First of all, the data was loaded using read.csv(). After that, the data was cleaned using Storm Data Event Table from the National Weather Service Storm Data Documentation as a reference. The table mentions 48 event, therefore the data was classified accordingly. In case of presenting two event types, the most distractive one was considered. Therfore, the codes at the top have more priority to consider as a event type than below. The code is shown below. Additionally, a new class was added (NA/OTHERS) to classify unknown events.
## reading the data
storm <- read.csv ("repdata_data_StormData.csv.bz2")
## modify the data
# remove spaces and unifiy into uppercase
storm$EVTYPE <- trimws(storm$EVTYPE)
storm$EVTYPE <- toupper (storm$EVTYPE)
# codes at the top have more priority to consider as a event type than below
# BLIZZARD
storm$EVTYPE[grep("BLIZZARD", storm$EVTYPE)] <- "BLIZZARD"
# (EXTREME) COLD/WIND
storm$EVTYPE[grepl("COLD|CHILL", storm$EVTYPE) & !grepl("EXTREME", storm$EVTYPE)] <- "COLD/WIND CHILL"
storm$EVTYPE[grepl("LOW", storm$EVTYPE) & grepl("TEMP|RECORD", storm$EVTYPE)] <- "COLD/WIND CHILL"
storm$EVTYPE[grep("COOL", storm$EVTYPE)] <- "COLD/WIND CHILL"

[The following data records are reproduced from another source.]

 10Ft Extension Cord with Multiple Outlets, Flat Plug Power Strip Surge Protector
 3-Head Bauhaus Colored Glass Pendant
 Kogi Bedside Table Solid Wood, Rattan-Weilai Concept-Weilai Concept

storm$EVTYPE[grepl("COLD|CHILL", storm$EVTYPE) & grepl("EXTREME", storm$EVTYPE)] <- "EXTREME COLD/WIND CHILL"
# LIGHTNING
storm$EVTYPE[grepl("LIGHT", storm$EVTYPE)& !grepl("RAIN", storm$EVTYPE)] <- "LIGHTNING"

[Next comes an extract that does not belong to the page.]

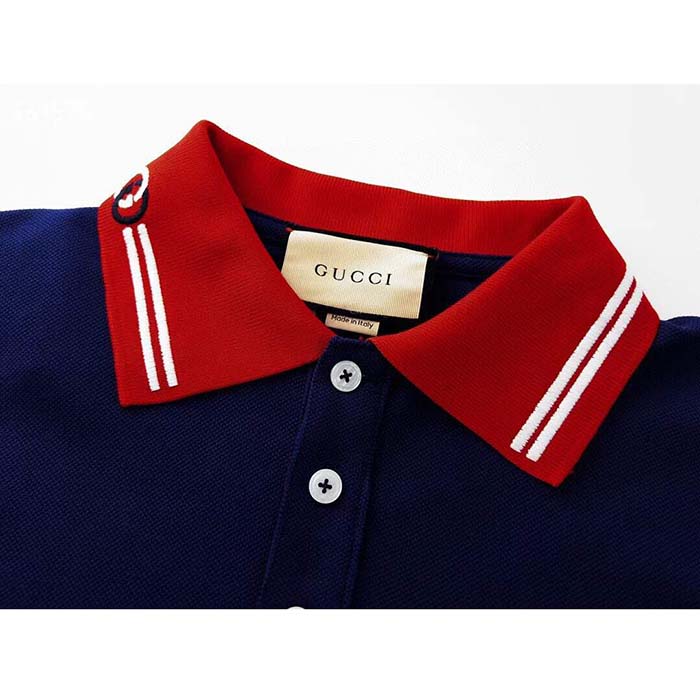 Gucci Men Cotton Piquet Polo Interlocking G Side Vents Short Sleeves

storm$EVTYPE[agrepl("LIGHT", storm$EVTYPE)& !grepl("RAIN", storm$EVTYPE)] <- "LIGHTNING"
# TORNADO
storm$EVTYPE[grep("TORNADO|GUSTN", storm$EVTYPE)] <- "TORNADO"

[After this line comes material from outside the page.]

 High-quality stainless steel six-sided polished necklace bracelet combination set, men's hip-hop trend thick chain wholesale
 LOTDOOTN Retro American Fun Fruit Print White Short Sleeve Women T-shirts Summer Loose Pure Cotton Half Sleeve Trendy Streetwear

storm$EVTYPE[agrep("TORNADO|GUSTN", storm$EVTYPE)] <- "TORNADO"
# THUNDERSTORM
storm$EVTYPE[grep("TSTM|THUNDER|DOWNBURST|MICROBURST|METRO STORM", storm$EVTYPE)] <- "THUNDERSTORM WIND"
storm$EVTYPE[agrep("TSTM|THUNDER|DOWNBURST", storm$EVTYPE)] <- "THUNDERSTORM WIND"
# FOG
storm$EVTYPE[grepl("FOG|VOG", storm$EVTYPE)& !grepl("FREEZE", storm$EVTYPE)] <- "DENSE FOG"
storm$EVTYPE[agrepl("FOG|VOG", storm$EVTYPE)& !grepl("FREEZE", storm$EVTYPE)] <- "DENSE FOG"
storm$EVTYPE[grepl("FOG", storm$EVTYPE)& grepl("FREEZE", storm$EVTYPE)] <- "FREEZE FOG"
# DENSE SMOKE
storm$EVTYPE[grep("SMOKE", storm$EVTYPE)] <- "DENSE SMOKE"
# (EXCESSIVE) HEAT
storm$EVTYPE[grepl("HEAT|WARM", storm$EVTYPE) & grepl("EXTREME|EXCESSIVE|ABNORM", storm$EVTYPE)] <- "EXCESSIVE HEAT"
storm$EVTYPE[grepl("HEAT|WARM|HOT|HYPERTHERMIA", storm$EVTYPE) & !grepl("EXCESSIVE", storm$EVTYPE)] <- "HEAT"
storm$EVTYPE[grepl("HIGH", storm$EVTYPE) & grepl("TEMP|RECORD|PREC", storm$EVTYPE)] <- "HEAT"
# WATERSPOUT
storm$EVTYPE[grep("SPOUT", storm$EVTYPE)] <- "WATERSPOUT"
# FLOOD
storm$EVTYPE[grep("COASTAL|EROS", storm$EVTYPE)] <- "COASTAL FLOOD"
storm$EVTYPE[grep("FLASH|URBAN", storm$EVTYPE)] <- "FLASH FLOOD"
storm$EVTYPE[grep("LAKE FLOOD", storm$EVTYPE)] <- "LAKESHORE FLOOD"
storm$EVTYPE[grepl("FLOOD|STEAM|STREAM|RISING|FLOYD|DAM|DROWN|\\bWATER\\b", storm$EVTYPE) & !grepl("FLASH|COASTAL|LAKESHORE", storm$EVTYPE)] <- "FLOOD"
storm$EVTYPE[agrepl("FLOOD|STEAM|STREAM|RISING|FLOYD|DAM", storm$EVTYPE) & !grepl("FLASH|COASTAL|LAKESHORE", storm$EVTYPE)] <- "FLOOD"
# HURRICANE/TYPHOON
storm$EVTYPE[grep("HURRICANE|TYPHOON", storm$EVTYPE)] <- "HURRICANE/TYPHOON"
# DROUGHT
storm$EVTYPE[grep("DROUGHT|DRY|DRIEST", storm$EVTYPE)] <- "DROUGHT"
# DUST
storm$EVTYPE[grepl("DUST", storm$EVTYPE) & grepl("STORM", storm$EVTYPE)] <- "DUST STORM"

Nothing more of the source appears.